Dans cette sanglante aventure de décembre, il nous manqua un habit de général bien porté. Il y a un livre à faire sur le rôle de la passementerie dans la destinée des nations.

Tamisier, nommé chef d’état-major quelques instants avant l’invasion de la salle, se mit aux ordres de l’Assemblée. Il était debout sur une table. Il parlait avec une voix vibrante et cordiale. Les plus décontenancés se rassuraient devant cette attitude modeste, probe, dévouée. Tout à coup il se redressa et, regardant en face toute cette majorité royaliste, il s’écria : – Oui, j’accepte le mandat que vous m’offrez ! j’accepte le mandat de défendre la République ! rien que la République, entendez-vous bien ?

Un cri unanime lui répondit : Vive la République !

— Tiens, dit Beslay, la voix vous revient comme au 4 mai ! – Vive la République ! rien que la République ! répétaient les hommes de la droite, Oudinot plus fort que les autres. Tous les bras se tendirent vers Tamisier, toutes les mains serrèrent la sienne. Ô danger ! irrésistible convertisseur ! à l’heure suprême l’athée invoque Dieu et le royaliste la République. On se cramponne à ce qu’on a nié.

Les narrateurs officiels du coup d’État ont raconté que, dès les commencements de la séance, deux représentants avaient été envoyés par l’Assemblée au ministère de l’intérieur pour « négocier ». Ce qui est certain, c’est que ces deux représentants n’avaient aucun mandat. Ils se présentèrent, non de la part de l’Assemblée, mais en leur nom propre. Ils s’offrirent comme intermédiaires pour terminer pacifiquement la catastrophe commencée. Ils sommèrent, avec une probité un peu ingénue, Morny de se constituer prisonnier et de rentrer sous la loi, lui déclarant qu’en cas de refus l’Assemblée ferait son devoir et appellerait le peuple à la défense de la Constitution et de la République. Morny leur répondit par un sourire assaisonné de ces simples paroles : – Si vous faites un appel aux armes et si je trouve des représentants sur les barricades, je les fais tous fusiller jusqu’au dernier.

Le réunion du Xe arrondissement céda à la force. Le président Vitet exigea qu’on mît la main sur lui. L’agent qui le saisit était pâle et frissonnait.
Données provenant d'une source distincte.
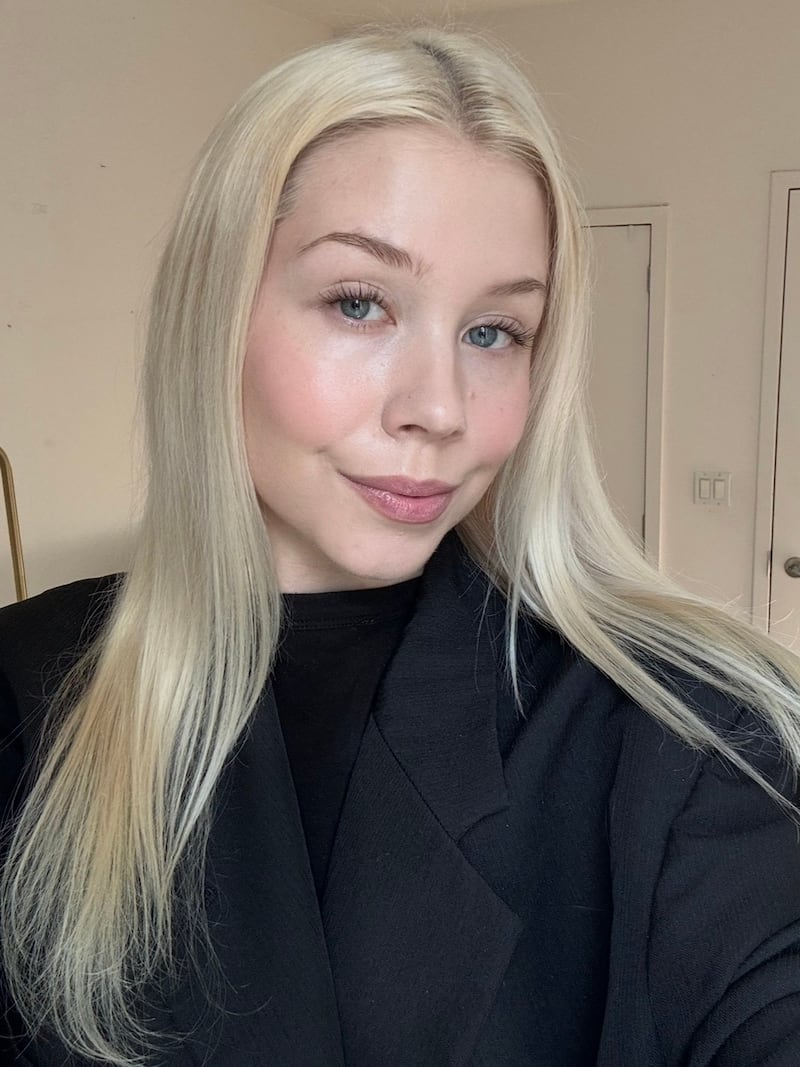 I started getting compliments for my skin as soon as I started using the Smashbox Dual Filter 2-in-1 Concealer + Foundation.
Dans de certains cas, mettre la main sur un homme, c’est la mettre sur le droit, et ceux qui l’osent ont le tremblement de la loi touchée.

La sortie de la mairie fut longue et embarrassée. Il s’écoula une demi-heure environ tandis que les soldats faisaient la haie et que les commissaires de police, tout en ne semblant occupés que du soin de refouler les passants dans la rue, envoyaient chercher des ordres au ministère de l’intérieur.